As I (and hopefully you as well) have learned... Pike Brewing is different. They don't just release a PR sheet, they release a history lesson. And they've done it again with Pike Entire. This beerstory lesson comes straight from the press release:

Until the 18th century, malt was "kilned" over wood fires making most beers dark brown or black, and contributing significantly to the pollution in cities like London. The use of coal allowed brewers a little more control, but it was not until coke, a bi-product of coal, was introduced as a fuel that pale malt could be made. Pale malt yielded more sugar than black malt.

Because the Thames was polluted, soft water was drawn from wells, ideal for dark beers, but yielding unpleasant flavor to black beers unless they were blended with the paler beers made by country brewers who had access to hard water. These country brewers also bought dark beers from London and aged them in large oak casks.

After aging they sold them back to the London brew pubs as highly desirable, "stale" (aged) beer. Home brew houses then began to blend the black, pale, and stale beers and the result became known as "three threads", a corruption of "three thirds."

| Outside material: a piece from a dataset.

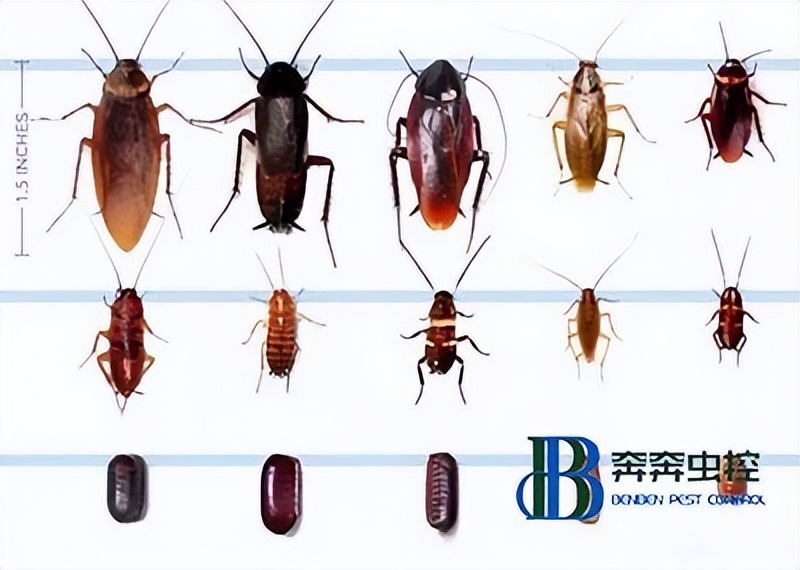  为什么家里的蟑螂总是灭不完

Ralph Harwood's Bell Brewhouse, one of London's original common brewers, was the first to market an already blended beer to other pubs called "Entire". It is believed that he blended his own black beer with purchased pale and stale. Since it saved publicans the chore of blending their own three threads, it became an immediate success and the beer style of choice that was sold by London's train porters. Ultimately the style became known as Porter.

As brewing moved away from the brew pub to common brewers, Harwood's creation became London's great contribution to beer. As the British Empire expanded, "Porter," later known as "Stout Porter," then simply "Stout," became the world's most widely distributed beer style.

I love Pike Brewing! As much for their ability to teach us about beer's past as for the great beers they make in the present.

To keep with tradition, but also to make a distinctly American beer, Pike acquired oak Bourbon barrels in April 2008 and filled them full of Pike XXXXX Extra Stout to be blended back. Pike Head Brewer, Drew Cluley, says the beer is "complex and chocolaty with a great vanilla wood overtone."


Come Monday, November 24, Pike Entire will be released in 22 oz. bombers, complete with wax-dipped caps. It will have very limited availability at the Pike Pub and in select bottle shops, primarily in the Seattle area. Only a few quarter-barrels are being released for sale on draft. The Pike Pub will tap its one and only quarter-barrel of Pike Entire on Friday, November 28.

So if you want some... you better skedaddle to Seattle!